Les bâtonnets et carnets

Vous n'avez pas besoin d'équipement spécial. Un simple décompte en bâtonnets sur un pense-bête ou dans un petit carnet de projet fonctionne tout aussi bien. Tracez un trait à la fin de chaque rang et regroupez vos traits par cinq pour faciliter la lecture ultérieure. Cette méthode sert également de journal de bord, puisque vous pouvez y noter la taille des aiguilles utilisées ou l'endroit exact où vous vous êtes interrompu.

Des marqueurs de mailles tous les dix rangs

Plutôt que de noter chaque rang, certains tricoteurs préfèrent placer un petit marqueur de mailles verrouillable le long du bord de l'ouvrage tous les dix rangs.

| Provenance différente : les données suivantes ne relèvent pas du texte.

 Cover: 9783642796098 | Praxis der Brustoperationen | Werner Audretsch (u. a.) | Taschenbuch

Cela vous donne des étapes visuelles le long de votre travail, ce qui permet de compter rapidement de marqueur en marqueur au lieu de recompter rang par rang, tout en servant de point de contrôle intégré si vous devez vérifier votre total par rapport au patron.

Compter les mailles sur votre aiguille sans perdre le fil

Compter les mailles actives installées sur votre aiguille est un défi légèrement différent du décompte des rangs, mais il bénéficie du même principe : évitez de compter une par une si vous pouvez l'éviter.

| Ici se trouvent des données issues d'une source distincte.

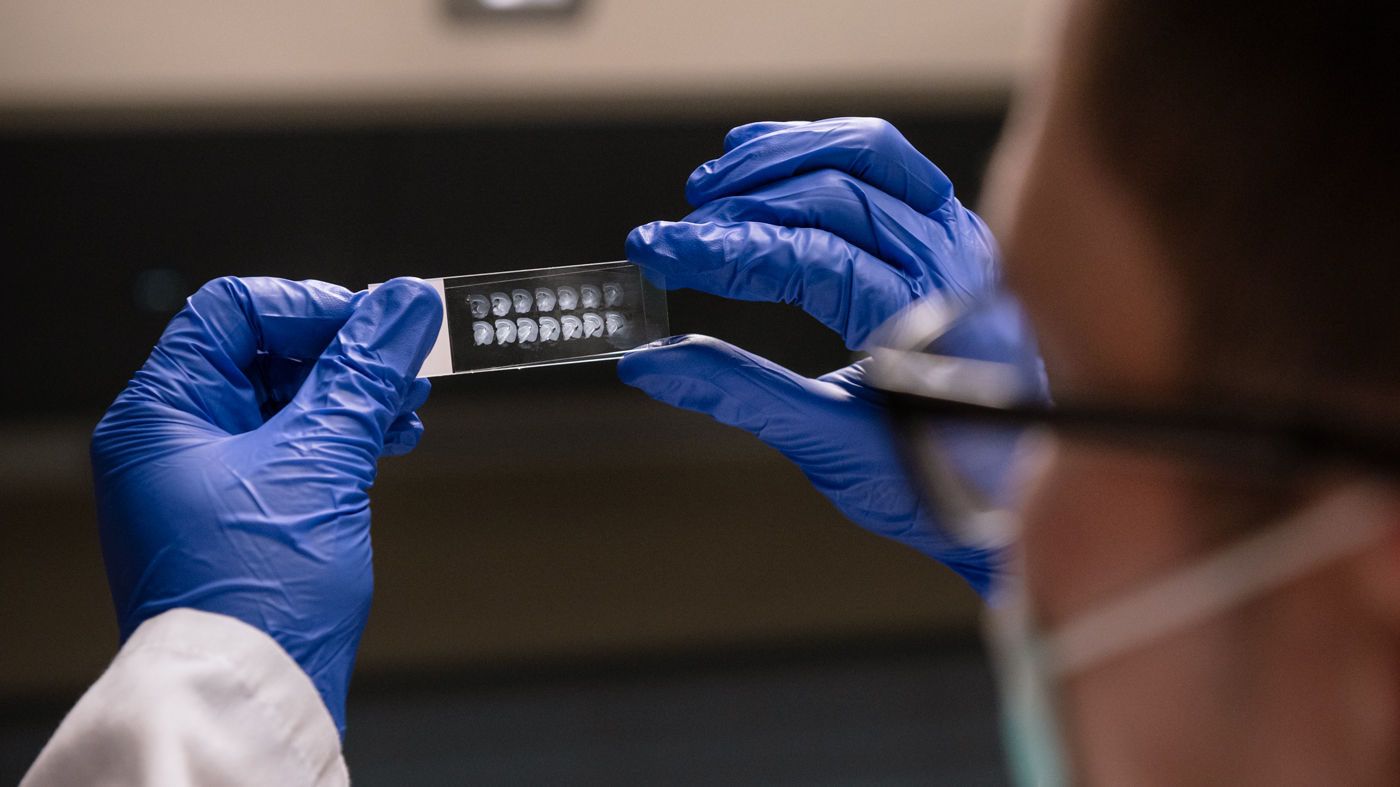 A postdoc works on mounting slides in the Mucke Lab at Gladstone.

  • Comptez par petits groupes. Au lieu de compter maille par maille, comptez par groupes de cinq ou dix en touchant chaque groupe du bout du doigt au fur et a mesure. C'est beaucoup moins sujet aux erreurs, surtout avec un grand nombre de mailles sur l'aiguille.
  • Utilisez des marqueurs comme repères. Glissez un marqueur de mailles amovible sur votre aiguille toutes les dix ou vingt mailles pendant que vous comptez. Si votre téléphone sonne ou si vous êtes distrait, vous pourrez reprendre à partir du dernier marqueur au lieu de recommencer depuis le début.
  • Comptabilisez les jetés comme une maille. Lorsque vous comptez un rang qui contient des jetés, rappelez-vous que chaque jeté compte comme une maille à part entière, même s'il ne ressemble qu'à une simple boucle sur l'aiguille jusqu'au rang suivant.
  • Vérifiez votre travail avec un repère visuel simple. Sur une pièce tricotée à plat en aller-retour, jetez un œil à l'emplacement de votre brin de montage par rapport à votre fil de travail. S'il se trouve systématiquement du même côté après un rang donné, cela vous confirme rapidement que vous n'avez pas ajouté ou sauté un rang par inadvertance.

Prendre l'habitude

Aucune de ces méthodes ne nécessite de compétence particulière, juste un peu de régularité. Choisissez une méthode de suivi adaptée à votre façon de tricoter (un compte-rangs physique pour tricoter à la maison, une application si vous tricotez lors de vos déplacements, ou un carnet de notes si vous préférez les méthodes traditionnelles) et associez-la à l'apprentissage de la lecture des V et des barres mousse. En quelques projets, observer votre tricot pour confirmer le nombre de rangs deviendra aussi naturel que de tricoter les mailles elles-mêmes, et ces moments frustrants où l'on se demande « où j'en étais déjà ? » deviendront très rares.